The purpose of the exam will be to screen employees for pre-existing conditions not conducive to respirator use, confirm that the individual can handle the additional stresses caused by the devices and to periodically re-evaluate for changes in health and abilities. 

 

Frequency of the medical examinations shall be baseline within 30 days of employment, periodically as recommended by the physician, upon suspicion of overexposure to hazardous material and upon termination of employment.  

 

The employer is required to maintain medical records and air monitoring data for the duration of employment and 30 years following. The examining physician shall provide a copy of the individual's medical record to the employee who is responsible for bringing a copy to their supervisor.
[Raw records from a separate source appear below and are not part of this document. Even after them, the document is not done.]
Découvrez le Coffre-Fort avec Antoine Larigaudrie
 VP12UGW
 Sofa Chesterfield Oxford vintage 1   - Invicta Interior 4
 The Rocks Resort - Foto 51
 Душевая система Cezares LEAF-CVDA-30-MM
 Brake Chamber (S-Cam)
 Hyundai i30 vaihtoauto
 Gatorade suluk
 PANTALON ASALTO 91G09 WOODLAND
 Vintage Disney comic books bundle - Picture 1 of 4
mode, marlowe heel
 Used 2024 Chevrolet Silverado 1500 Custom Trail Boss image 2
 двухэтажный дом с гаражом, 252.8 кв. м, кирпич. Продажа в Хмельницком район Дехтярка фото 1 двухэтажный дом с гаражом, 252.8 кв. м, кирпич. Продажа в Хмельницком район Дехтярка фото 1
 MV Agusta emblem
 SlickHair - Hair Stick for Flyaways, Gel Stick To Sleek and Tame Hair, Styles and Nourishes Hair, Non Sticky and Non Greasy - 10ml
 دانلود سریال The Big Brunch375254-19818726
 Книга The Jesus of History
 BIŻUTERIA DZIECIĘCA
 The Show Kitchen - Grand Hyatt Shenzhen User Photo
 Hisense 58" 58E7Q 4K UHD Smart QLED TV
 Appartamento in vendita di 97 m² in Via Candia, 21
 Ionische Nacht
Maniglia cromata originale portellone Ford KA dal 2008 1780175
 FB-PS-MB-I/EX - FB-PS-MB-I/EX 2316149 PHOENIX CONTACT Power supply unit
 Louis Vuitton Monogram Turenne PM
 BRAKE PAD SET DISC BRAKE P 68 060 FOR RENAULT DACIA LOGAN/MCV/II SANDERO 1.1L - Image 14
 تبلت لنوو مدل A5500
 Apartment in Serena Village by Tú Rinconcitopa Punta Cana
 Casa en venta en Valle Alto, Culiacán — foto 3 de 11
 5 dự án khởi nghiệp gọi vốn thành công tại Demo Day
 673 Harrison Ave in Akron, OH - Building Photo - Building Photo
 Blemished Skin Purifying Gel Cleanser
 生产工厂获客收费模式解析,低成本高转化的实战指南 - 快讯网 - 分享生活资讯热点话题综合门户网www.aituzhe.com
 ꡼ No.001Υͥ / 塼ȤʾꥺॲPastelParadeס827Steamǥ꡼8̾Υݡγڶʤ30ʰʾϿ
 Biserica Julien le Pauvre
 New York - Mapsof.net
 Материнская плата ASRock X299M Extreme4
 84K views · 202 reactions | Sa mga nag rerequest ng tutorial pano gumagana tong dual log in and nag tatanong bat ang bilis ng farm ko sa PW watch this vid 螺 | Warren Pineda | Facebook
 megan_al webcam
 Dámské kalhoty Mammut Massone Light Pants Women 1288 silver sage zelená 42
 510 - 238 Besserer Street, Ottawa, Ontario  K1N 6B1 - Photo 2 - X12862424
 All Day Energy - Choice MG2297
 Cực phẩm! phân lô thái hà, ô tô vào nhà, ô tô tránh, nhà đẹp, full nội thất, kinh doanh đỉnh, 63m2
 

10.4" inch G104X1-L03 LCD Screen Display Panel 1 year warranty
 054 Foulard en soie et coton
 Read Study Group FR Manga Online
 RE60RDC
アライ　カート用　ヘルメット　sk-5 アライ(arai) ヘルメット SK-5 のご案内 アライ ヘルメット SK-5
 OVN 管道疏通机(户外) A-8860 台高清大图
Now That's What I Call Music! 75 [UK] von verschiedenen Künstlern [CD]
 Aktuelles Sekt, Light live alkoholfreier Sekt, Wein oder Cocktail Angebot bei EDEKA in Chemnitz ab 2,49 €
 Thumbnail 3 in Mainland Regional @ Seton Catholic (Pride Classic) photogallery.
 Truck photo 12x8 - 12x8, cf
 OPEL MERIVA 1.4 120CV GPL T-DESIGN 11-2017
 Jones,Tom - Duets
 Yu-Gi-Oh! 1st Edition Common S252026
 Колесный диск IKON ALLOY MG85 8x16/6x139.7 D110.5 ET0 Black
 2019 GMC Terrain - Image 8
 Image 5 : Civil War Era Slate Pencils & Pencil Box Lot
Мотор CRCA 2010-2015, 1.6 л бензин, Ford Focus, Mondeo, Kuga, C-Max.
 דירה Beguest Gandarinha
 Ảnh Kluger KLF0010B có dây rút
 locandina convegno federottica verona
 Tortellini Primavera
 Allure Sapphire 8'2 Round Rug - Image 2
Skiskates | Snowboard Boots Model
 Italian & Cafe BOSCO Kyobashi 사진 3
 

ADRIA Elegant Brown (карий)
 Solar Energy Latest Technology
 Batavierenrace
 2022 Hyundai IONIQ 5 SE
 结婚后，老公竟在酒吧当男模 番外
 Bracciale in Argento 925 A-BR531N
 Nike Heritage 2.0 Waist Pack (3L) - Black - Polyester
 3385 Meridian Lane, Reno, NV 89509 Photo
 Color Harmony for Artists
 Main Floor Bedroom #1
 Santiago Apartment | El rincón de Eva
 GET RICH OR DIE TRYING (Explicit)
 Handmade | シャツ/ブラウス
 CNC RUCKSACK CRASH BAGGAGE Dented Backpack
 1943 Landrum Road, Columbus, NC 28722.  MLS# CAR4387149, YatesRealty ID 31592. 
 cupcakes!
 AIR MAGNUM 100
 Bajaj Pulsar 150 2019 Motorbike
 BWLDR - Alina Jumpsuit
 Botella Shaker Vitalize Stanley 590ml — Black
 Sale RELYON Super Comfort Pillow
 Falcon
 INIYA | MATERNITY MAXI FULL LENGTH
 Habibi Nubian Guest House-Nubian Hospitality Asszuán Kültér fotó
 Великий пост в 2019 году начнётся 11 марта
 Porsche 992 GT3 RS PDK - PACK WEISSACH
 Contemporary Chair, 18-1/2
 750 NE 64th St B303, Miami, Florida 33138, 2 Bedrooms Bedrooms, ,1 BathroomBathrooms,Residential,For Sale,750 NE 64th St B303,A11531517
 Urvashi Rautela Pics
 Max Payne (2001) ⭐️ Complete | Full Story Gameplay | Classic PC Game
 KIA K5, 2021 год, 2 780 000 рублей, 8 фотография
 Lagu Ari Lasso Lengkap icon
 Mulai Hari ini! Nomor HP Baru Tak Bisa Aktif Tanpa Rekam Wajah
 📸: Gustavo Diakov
The supervisor should keep a copy and, in turn, forward a copy to EH&S.   

 

For more detailed information pertaining to medical monitoring and respiratory protection, see the University of North Florida's Respiratory Protection Program. 

 

3.5. Hand Protection should be provided:

Employees should be provided approved gloves for protection from cuts, abrasions, burns and other potential job hazards.  Neoprene type gloves are approved or handling chemicals and heavy-duty  leather gloves are approved for handling abrasive materials. 

3.6. Hearing Protection: 

 

The Occupational Safety and Health Administration (OSHA) has promulgated regulations limiting employee exposure to noise.  These regulations have been adopted by the State of Florida, Division of Safety.  The principal requirements of these regulations are as follows:

  1. Noise surveys must be conducted where employees may be exposed to an eight-hour time-weighted average (TWA) of 85 dBA or greater (dBA is a sound level reading in decibels made on the A-Weighted network of a sound level meter). 
  2. A hearing conservation program must be instituted for all employees exposed to TWA of 85 dBA or greater.  This consists in part of: 
    1. Baseline and annual audiograms performed by an otolaryngologist, audiologist, qualified physician or certified technician.  
    2. An annual training program that explains the purpose and major components of the hearing conservation program.  This includes discussing with employees the hazardous effects of noise, the various types of hearing protection and how to wear them, as well as the purpose of the audiogram.  The training is completed at the time of the audiogram. 
    3. All employees exposed to a TWA of 85 dBA, must be provided a choice of hearing protection (either earplug or earmuff) without charge.  It is the responsibility of the various departmental supervisors to identify potential areas of high noise.  EH&S will then conduct noise surveys to determine which work areas require participation in a conservation program.
     

Once a particular job is identified as being noise-related, the department shall inform Human Resources that a baseline audiogram and participation in a training program is required for all future appointments to this position. 

 

The examining physician will provide audiograms and training.  EH&S shall notify each department when the exam is due.  The department shall be responsible for scheduling individual exams.  Results of the tests shall be reported to the employee, department, EH&S and Human Resources.   

 

It shall be the responsibility of the department to provide a choice of hearing protection devices to those employees requiring them and to insure that they are being worn.  

 

Please note that the cost of testing is borne by EH&S and the cost of training is borne by the department.  Hearing protection device costs shall be the responsibility of the department employing the worker.